- There are several different types of air conditioning systems on the market today
- Forced-air is the most common air conditioning system for residential properties
- If you find that you only need cool air sporadically throughout the warm months, you may be interested in the air-source heat pump system
Summers can be hot in Salt Lake City and Park City. Having an air conditioner can keep your home cool and comfortable in the heat. Before you install or replace your air conditioner, make sure you are familiar with the various options available to you. There are several different types of air conditioning systems on the market today. Consider which one is best for you and your home.
Air-Source Heat Pumps
If you find that you only need cool air sporadically throughout the warm months, you may be interested in the air-source heat pump system. This system is a dual system and can heat and cool your home. The system relies on a pump to condense warm air moving it either indoors or outdoors depending on its setting.
When the system is set to cool, the pumps draw heat from your house, compress it, and then release it outside. In order to heat your home, the system reverses the process, taking heat from the outside, compressing it, and blowing it into the rooms.
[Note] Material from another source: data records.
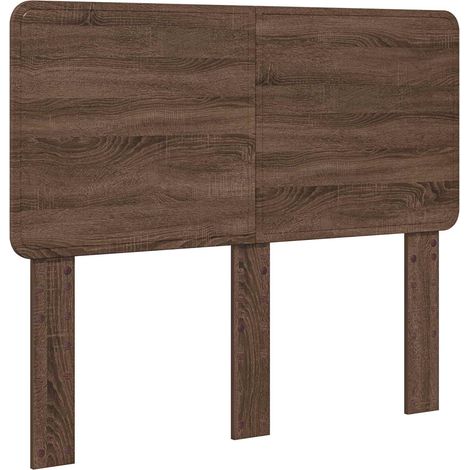 Maison Exclusive - Testiera Rovere Marrone Legno multistrato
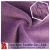 Import 100 % polyester microfiber cashmere fabric with pile fleece from Taiwan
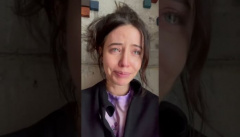 Надя Дорофеева просит о помощи остановить войну в Украине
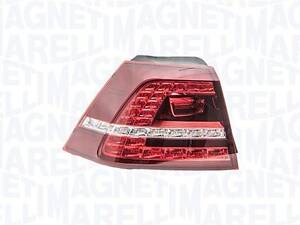 MAGNETI MARELLI 714081230701 Фонарь задний VW Golf VII 14- (L)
While the air-source heat pump system tends to be more expensive than some other devices, with an average installation price of $6,000, this air conditioning system is one of the most energy efficient units available. This system is appropriate for temperate climates. If you’re using an air-source heat pump system in very extreme climates, you may need to install additional air conditioners or heaters.
A ductless system is comprised of an outdoor unit and several small counterparts mounted near the ceiling in each room of your home. The outdoor unit contains a compressor which feeds a refrigerant (a chemical liquid), electricity, and air into the smaller units. Cool air flows from these units, keeping the rooms at the temperature you desire.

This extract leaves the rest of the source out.